The Netherlands derives its name from 'the United Provinces of the Netherlands', which were established in the 16th Century. Over the centuries, the economic heartland has been in the provinces of North and South Holland for this reason 'Holland' is often used as a synonym for 'Netherlands'. The word 'Dutch', which is related to the German word 'Deutsch', comes from the old word 'diet' which means 'people' or 'nation'.
The Netherlands always has been subject to foreign rulers: Romans, Franks, Burgundians and Spanish. In the 16th Century, William of Orange led the United Provinces in a revolt against their Spanish rulers. After the so-called '80 Year War', the country became independent in 1648. In the 17th Century the Netherlands was the leading maritime nation in the world.
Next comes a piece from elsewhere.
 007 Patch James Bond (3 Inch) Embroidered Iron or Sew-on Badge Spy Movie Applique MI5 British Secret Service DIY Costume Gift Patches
This 'Golden Century', as it is known in Dutch history, was a period not only of great prosperity, but also of great artistic and intellectual achievement, especially in the areas of painting, philosophy, architecture and natural sciences.
With the power of France and England growing, the Netherlands experienced a period of stagnation in the 18th Century, at the end of which France's Napoleon Bonaparte took over the rule of the United Provinces. After Napoleon was defeated, the Kingdom of the Netherlands was established and the House of Orange was instated to the monarchy.
Through out the 19th Century, the industrial revolution led to a rapidly expanding economy, which continued into the 20th Century. Originally the leading sectors were trade and shipping, agricultural industry, coal and chemicals later, the electronics industry was added to this. After World Wars I and II, economic development became more several and quick. In addition to the sectors mentioned, activities in areas of construction, oil refineries and metal processing grew strongly.